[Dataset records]
********

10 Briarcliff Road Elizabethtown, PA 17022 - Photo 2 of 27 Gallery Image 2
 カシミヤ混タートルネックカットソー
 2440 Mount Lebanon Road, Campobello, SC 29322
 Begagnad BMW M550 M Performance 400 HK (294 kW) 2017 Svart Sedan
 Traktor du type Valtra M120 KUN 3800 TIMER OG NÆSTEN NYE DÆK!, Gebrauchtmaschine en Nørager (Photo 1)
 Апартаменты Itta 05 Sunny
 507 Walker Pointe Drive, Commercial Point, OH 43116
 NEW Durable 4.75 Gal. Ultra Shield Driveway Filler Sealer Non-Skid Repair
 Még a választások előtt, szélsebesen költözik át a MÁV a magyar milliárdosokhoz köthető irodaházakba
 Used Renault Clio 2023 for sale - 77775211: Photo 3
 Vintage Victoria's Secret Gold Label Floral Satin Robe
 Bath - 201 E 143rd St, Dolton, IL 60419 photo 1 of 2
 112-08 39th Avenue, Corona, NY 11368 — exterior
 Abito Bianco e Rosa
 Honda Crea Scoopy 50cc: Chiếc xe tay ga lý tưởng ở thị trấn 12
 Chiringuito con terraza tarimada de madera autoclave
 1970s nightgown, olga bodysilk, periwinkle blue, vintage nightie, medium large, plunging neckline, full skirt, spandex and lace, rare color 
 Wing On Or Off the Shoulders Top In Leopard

********

INSTRUCTIONS FOR THE TASK: The expected output is the complete data, repeated exactly.

EXPECTED ANSWER:
10 Briarcliff Road Elizabethtown, PA 17022 - Photo 2 of 27 Gallery Image 2
 カシミヤ混タートルネックカットソー
 2440 Mount Lebanon Road, Campobello, SC 29322
 Begagnad BMW M550 M Performance 400 HK (294 kW) 2017 Svart Sedan
 Traktor du type Valtra M120 KUN 3800 TIMER OG NÆSTEN NYE DÆK!, Gebrauchtmaschine en Nørager (Photo 1)
 Апартаменты Itta 05 Sunny
 507 Walker Pointe Drive, Commercial Point, OH 43116
 NEW Durable 4.75 Gal. Ultra Shield Driveway Filler Sealer Non-Skid Repair
 Még a választások előtt, szélsebesen költözik át a MÁV a magyar milliárdosokhoz köthető irodaházakba
 Used Renault Clio 2023 for sale - 77775211: Photo 3
 Vintage Victoria's Secret Gold Label Floral Satin Robe
 Bath - 201 E 143rd St, Dolton, IL 60419 photo 1 of 2
 112-08 39th Avenue, Corona, NY 11368 — exterior
 Abito Bianco e Rosa
 Honda Crea Scoopy 50cc: Chiếc xe tay ga lý tưởng ở thị trấn 12
 Chiringuito con terraza tarimada de madera autoclave
 1970s nightgown, olga bodysilk, periwinkle blue, vintage nightie, medium large, plunging neckline, full skirt, spandex and lace, rare color 
 Wing On Or Off the Shoulders Top In Leopard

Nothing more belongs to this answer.